KUANTAN, MALAYSIA - Universiti Malaysia Pahang is set to create history by being the first local university to have its own plant recycling used engine oil and lubricant using technology developed by its own researcher.
The RM3.8 million (S$1.6 million) plant in Gebeng here, which was set up in a joint venture between UMP's subsidiary, UMP Green Technology Sdn Bhd, and Urban Environmental Industries Sdn Bhd, is expected to start operations this month.
UMP's researcher and Deputy Vice-Chancellor (research and innovation) Professor Datuk Dr Rosli Mohd Yunus, who developed the technology to process the oil, which is listed as scheduled waste, said it was the result of of 12 years of research.

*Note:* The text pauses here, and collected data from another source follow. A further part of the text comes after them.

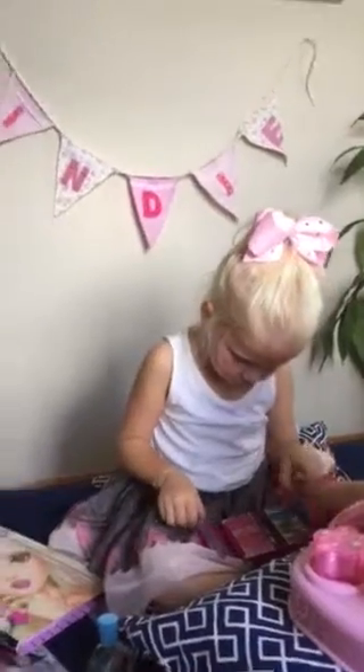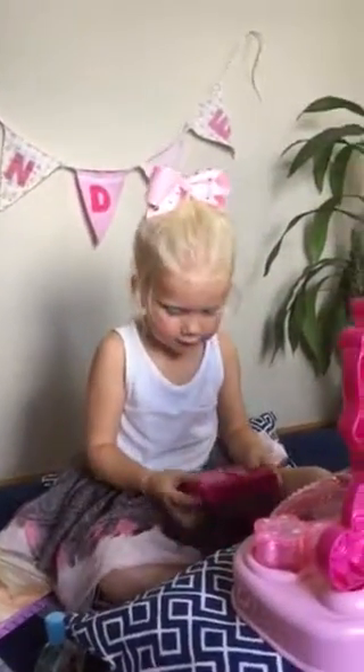What's next? Lipstick. Ooh. Here you go. Thank you.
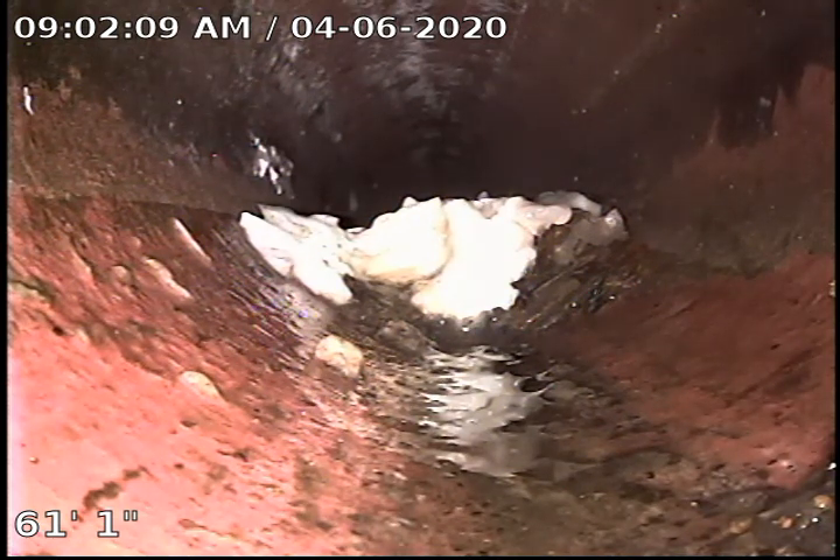This is TJ with Bull Ridge Plumbing. We are at 829 Shoshone doing a whole house colonoscopy from the roof.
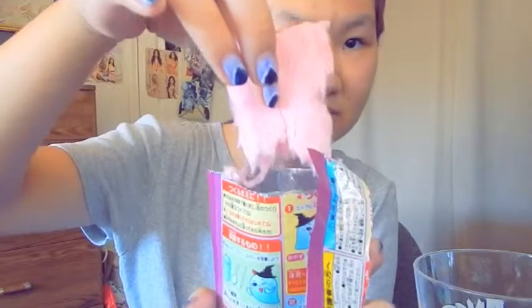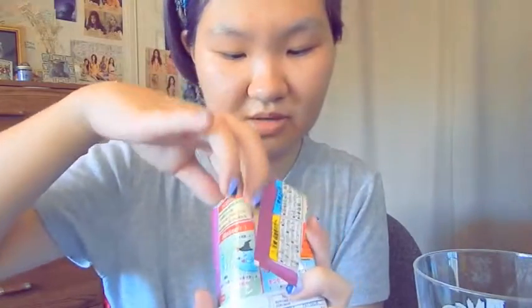So first we open this — wow, it smells like very strong grape. I'm hoping this tastes good because I don't really like grape-flavored things. It's breaking in half, it's very crumbly. It's like cotton candy. The other half broke too, so I'm just gonna pour it all in since it's all crumbled up. It's supposed to be a rectangle but it got broken up, probably during the shipping process.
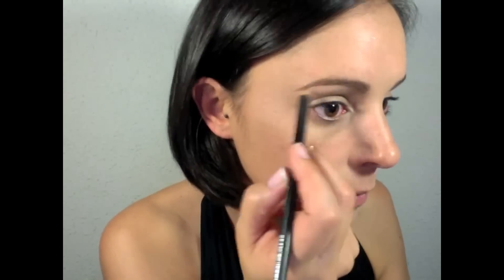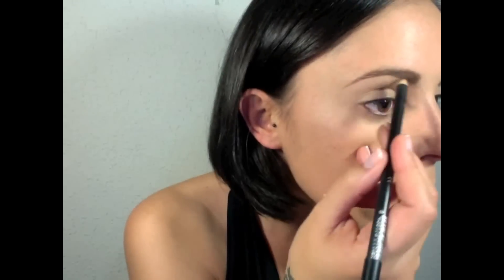Right away I'm gonna do my eyebrows. Then I'm gonna apply a little bit of eyeshadow primer.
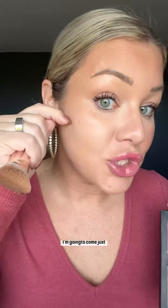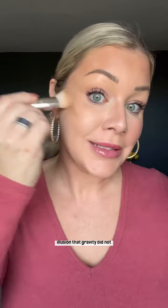Now let's talk about if you're over 50 or you're noticing things not being as high as they used to be. I'm going to use this detail brush that has a flat top, perfect for contouring. And instead of coming right underneath my cheekbone, I'm going to come just slightly above. That's going to give the illusion that gravity did not work her magic — the kind we don't love — and it's just going to put things back where they're supposed to go.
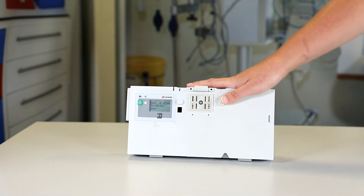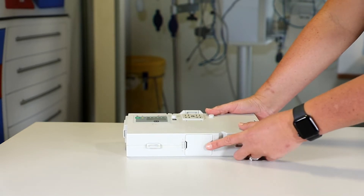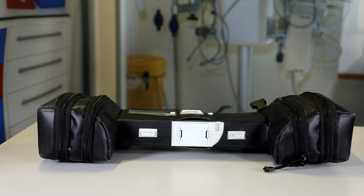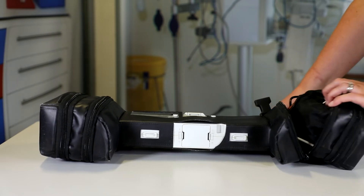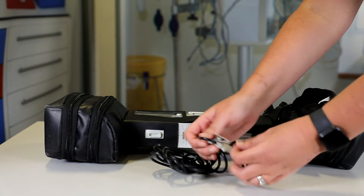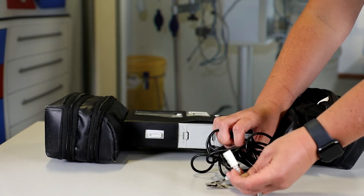Again we remove and examine the battery compartment — the battery on this is located just here and we would only do this pre-flight. Once you've done all the physical checks on the patient box, the next thing is to inspect and examine all the cables and consumables, looking again for any dirt and damage. You would take them out individually — for the purpose of this video I'll show just one, but we would get all the leads out to make sure we're happy with them, looking for any cracks, dirt, or damage prior to the mission.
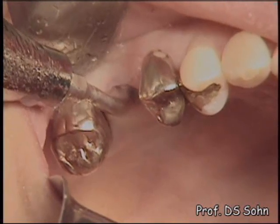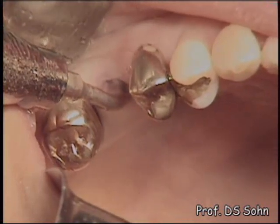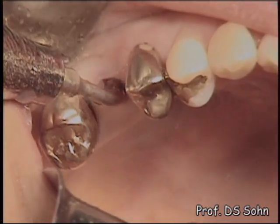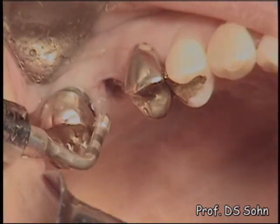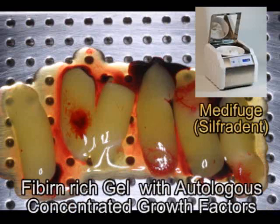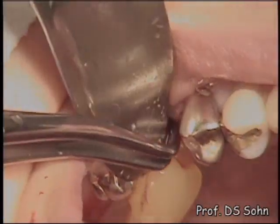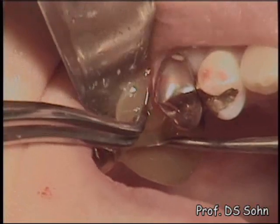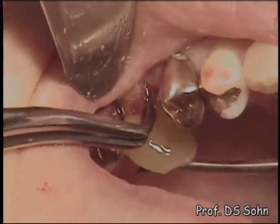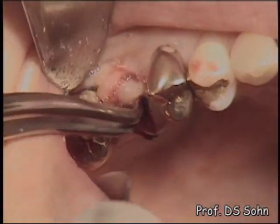The HP step is the final osteotomy tip to accommodate a 3.7 to 4.2mm wide tapered designed implant with good initial stability. Autologous concentrated growth factors were prepared using a special centrifuge, Medifuge. These fibrin-rich gels were inserted into the compartment under the elevated sinus mucosa in order to accelerate new bone formation in the sinus.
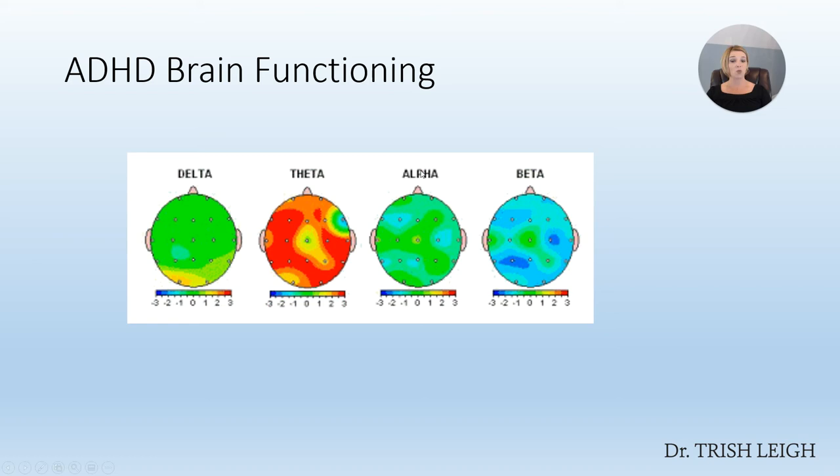So what is the ADHD brain functioning pattern? Proven by science, it's considered a 3-to-1 theta-to-beta ratio. Across most of the brain, there's 3 times too much theta. The true ADHD diagnosis is up in the frontal lobe, in areas F3, F4, and FZ in the middle — and we can also include the prefrontal cortex. Dr. Daniel Amen says there are 6 types of ADD, differentiated by the area of the brain impacted by this theta-to-beta ratio, which you can look up on his website.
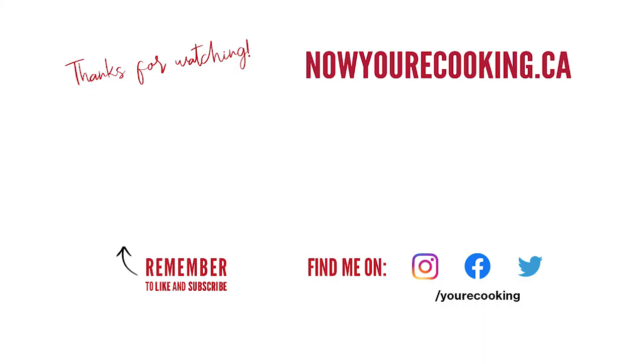Thanks for watching everyone. I hope you enjoyed learning how to prepare some sorrel. The full recipe is posted on my website at nowyourcooking.ca. If you haven't done so already, please like, share and subscribe to my channel. You could find me on Facebook, Instagram and Twitter. See you soon!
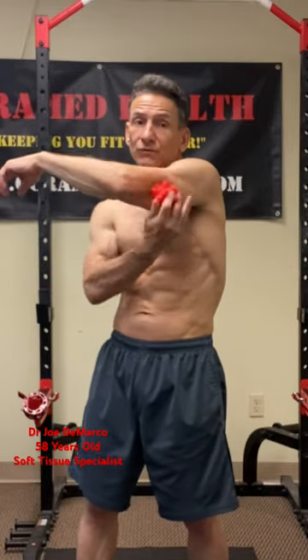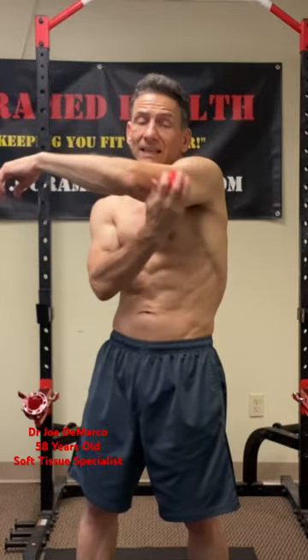Take a spiky massage ball. The fibers of the tricep are running this way, so take the massage ball and do some cross friction massage for 60 to 90 seconds, just going across, trying to break up any fascial adhesion that might be building up on your tricep that could be tugging on that tendon, causing your problems.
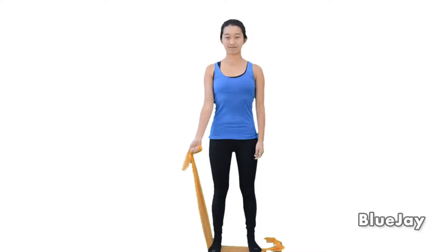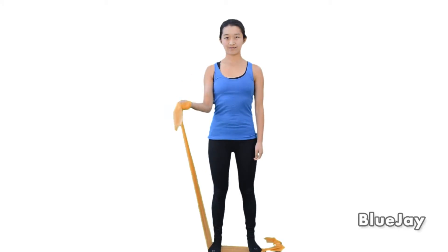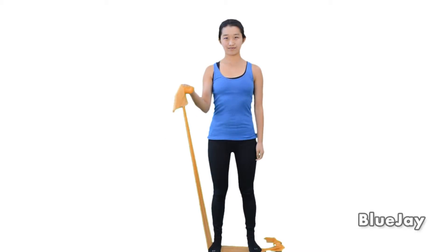To strengthen your biceps, stand on one end of the exercise band. Hold the other end of the band in your hand. Start with your arms straight at your side with your palm facing forward. Bend your elbow, pulling the band up. Then return to the starting position and repeat five times or as directed.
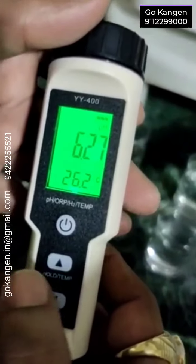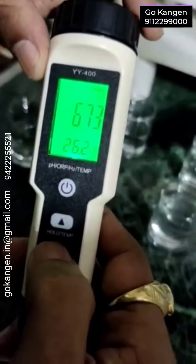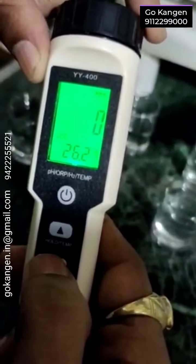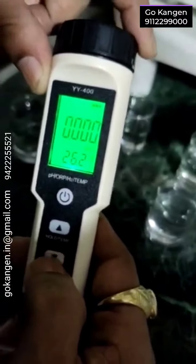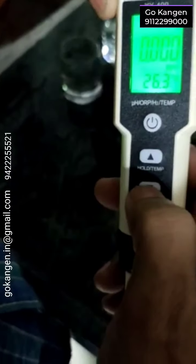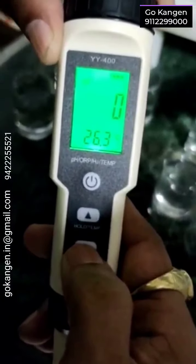I will first show you the functionality. Right now this is at pH. Now this one is PPB — hydrogen. This is PPM, parts per million, hydrogen. And this is ORP.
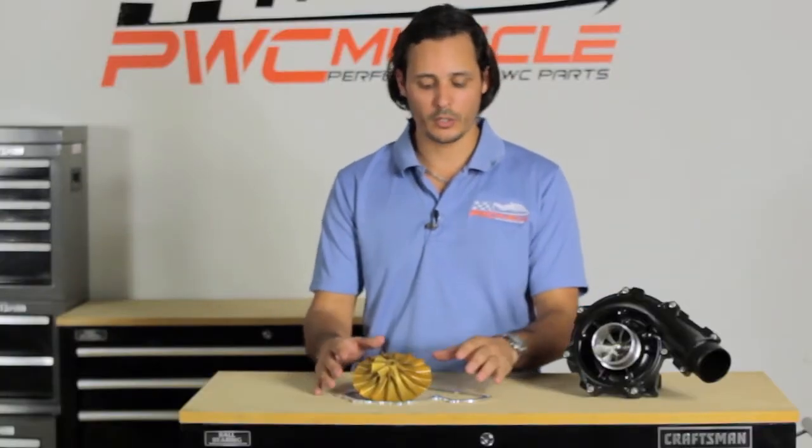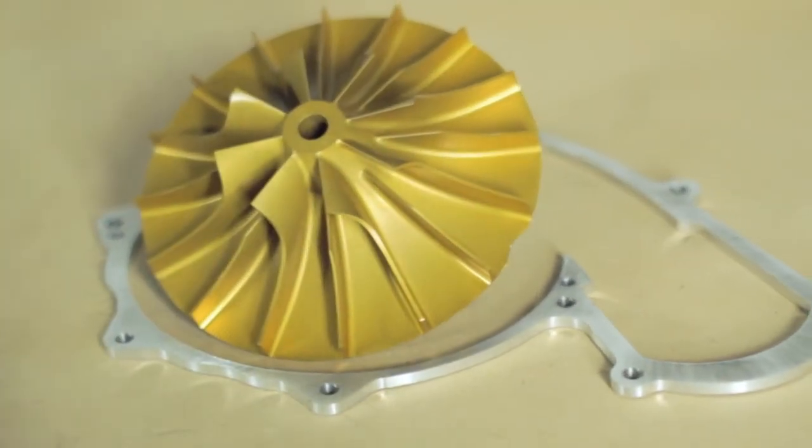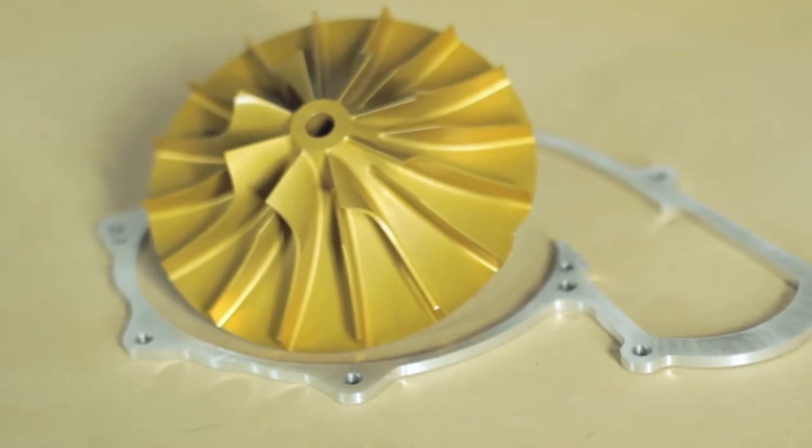The ET 137 wheel comes with a four millimeter billet spacer. The combination of this wheel inside the X Charger housing produces thirteen and a half pounds of boost on a stock ski.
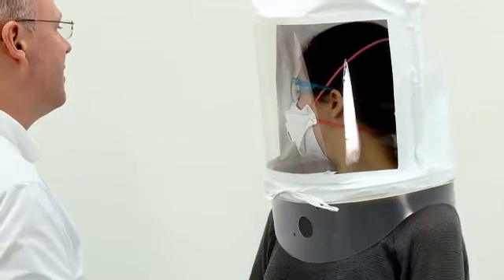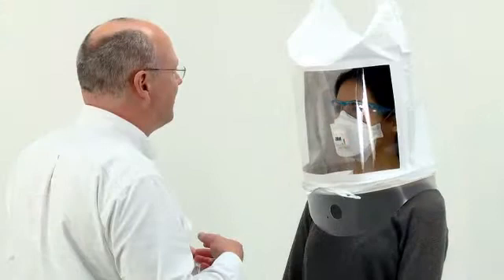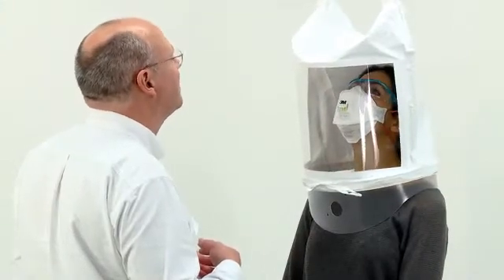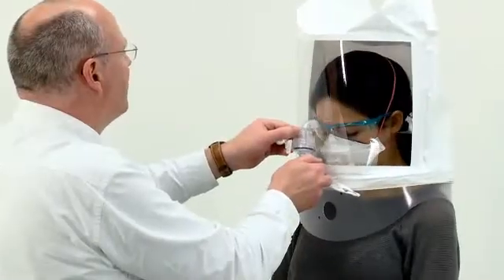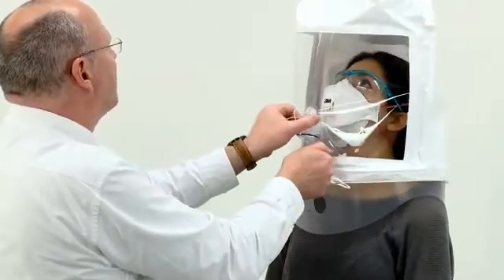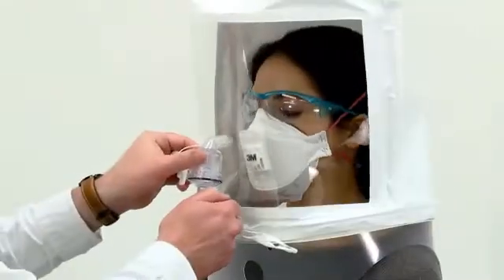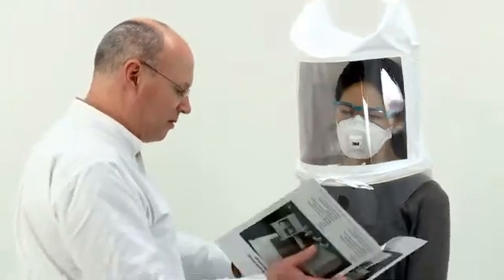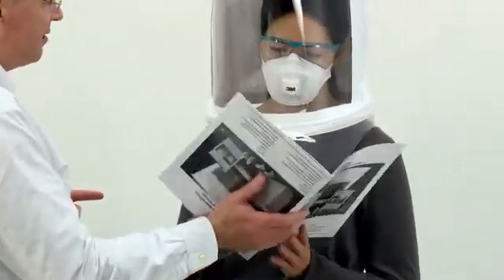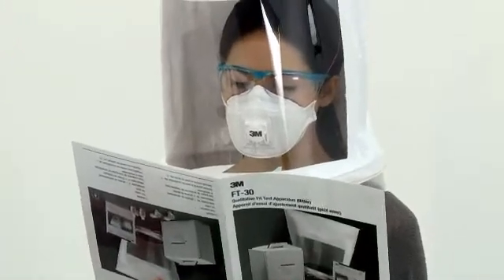Again, top up the concentration every 30 seconds. After one minute of this exercise, ask the subject to switch to moving their head up and down, inhaling when the head is up. Continue to top up the concentration every 30 seconds. After one minute of moving their head up and down, and while still topping up the concentration every 30 seconds, hand the subject the passage of text in the user instructions and ask them to read it out loud. They should re-read the passage for a full minute.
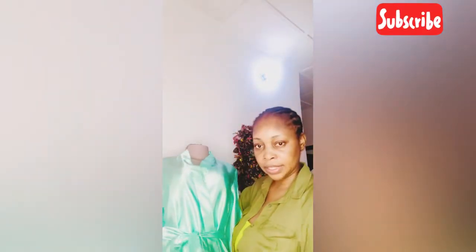Hi guys, welcome to my YouTube channel. This video will be on how to make this beautiful bridal satin robe with the belt and everything. Let me take it back so you'll see very well.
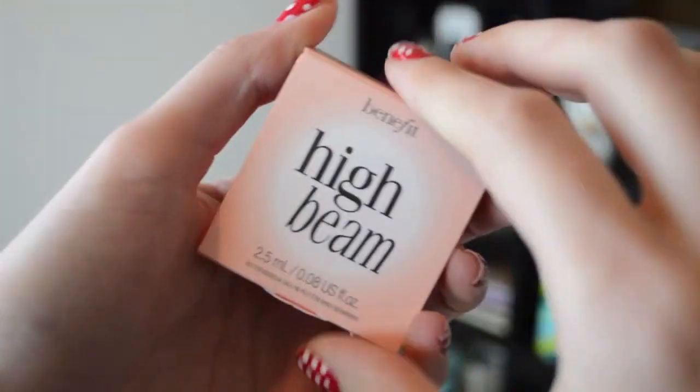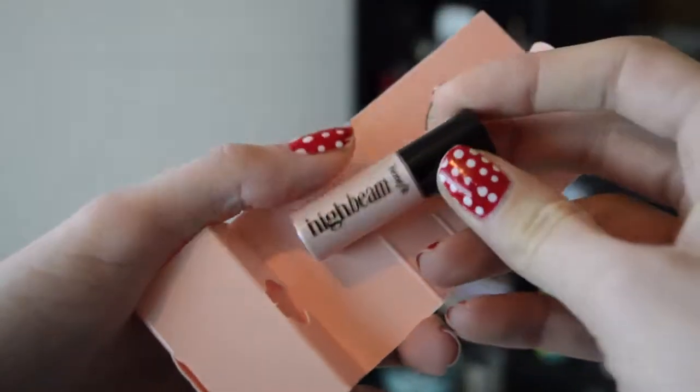Another makeup sample is the Benefit High Beam, and this is tiny — 6ml. I actually already own this in this exact sample size because Chris got me a Benefit gift set for Christmas with all these little sample sizes. I think this is a highlighter — it says put the spotlight on brow and cheekbones with this dewy highlighter, apply a couple of drops and blend. The full size is £19.50. It's very very shimmery so I think I'd save it for night makeup rather than everyday.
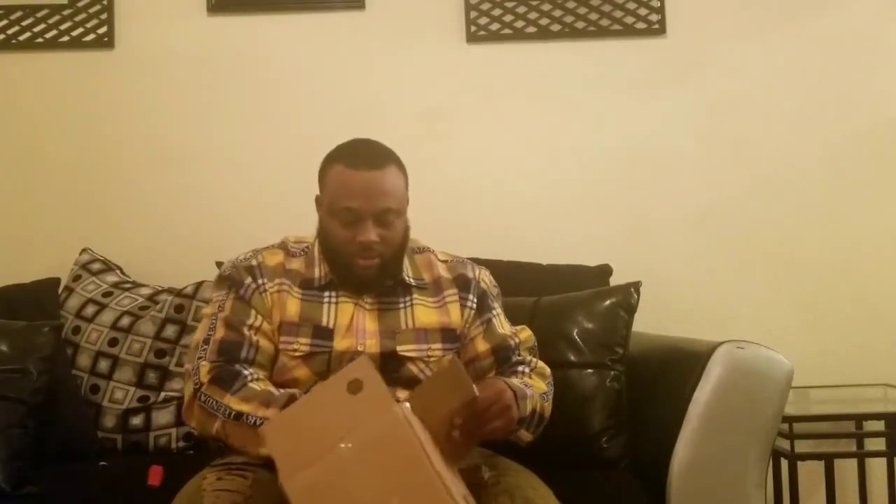My first look is gonna be your first look man, we're gonna dive right into it. Open this box, cut it open, dive in there. Let's see what we have here. We got another box — see what we have here. Got another box, dive right into this one, put the blade, cut this one open, get right into it. See what we have here.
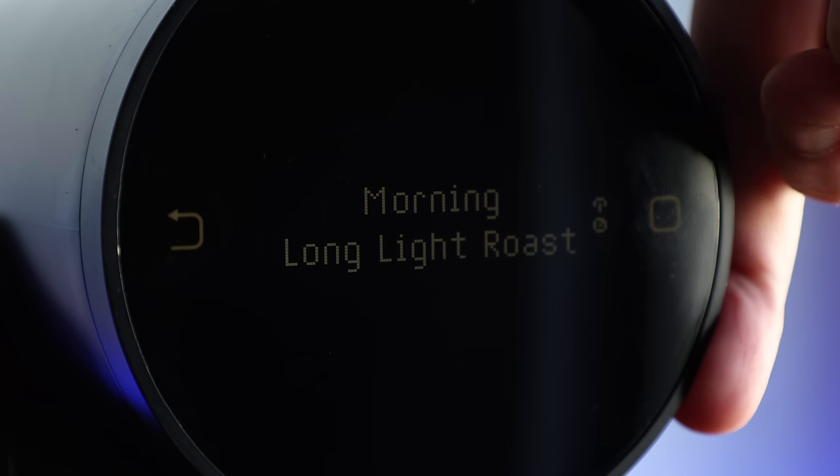Today we are taking a deep dive into the Morning capsule machine. We'll look at how it works, what makes it different than other capsule machines, and if it's truly worthy of the title: the world's first specialty capsule machine.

He said the plant was part of UMP's effort to generate its own income by commercialising the results of its research following the government's decision to reduce allocations to public universities from this year.
With a RM4.7 million grant from the Science, Technology and Environment Ministry, Rosli, who headed UMP Green Technology, approached the private company in 2008 with the idea of teaming up to produce recycled engine oil using the new technology.
"We were able to interest the company which is already running a recycling plant in Gebeng since 2005 using a slightly different technology, on a partnership.
"It was a slow, painstaking process of building a new plant located on their site."
UMP expects to earn RM100,000 a month from the venture.
Rosli said UMP also had a second project involving a new recycling plant to treat palm oil byproducts in Pulau Indah in Klang, which was also expected to be operational in a few months.
"It was a learning process for us too as being researchers, we can be too comfortable with coming up with new inventions without fully understanding whether it will be practical in the real world.
"Working on the plant gave us that valuable experience which will make us better teachers and it has been a labour of love.
"The plant will not only help generate income for the university but also become an extension of our 'lab' as we can take our students there for practical training."
He said the technology used at the plant in Gebeng was more refined than the ones currently being used to treat dirty black oil and was more economical and environment-friendly.
To ensure a steady supply of used engine oil, UMP secured a deal with manufacturing giants like Perodua and Scania, and government agencies like the Fire and Rescue Department which generate huge amounts of this waste.
"We have already secured an agreement with an American-based company which wants our entire production stock to produce multi-grade engine oil.
"The plant is the first of hopefully many projects that will be commercialised. We have secured a piece of land beside the plant site in Gebeng for future expansion."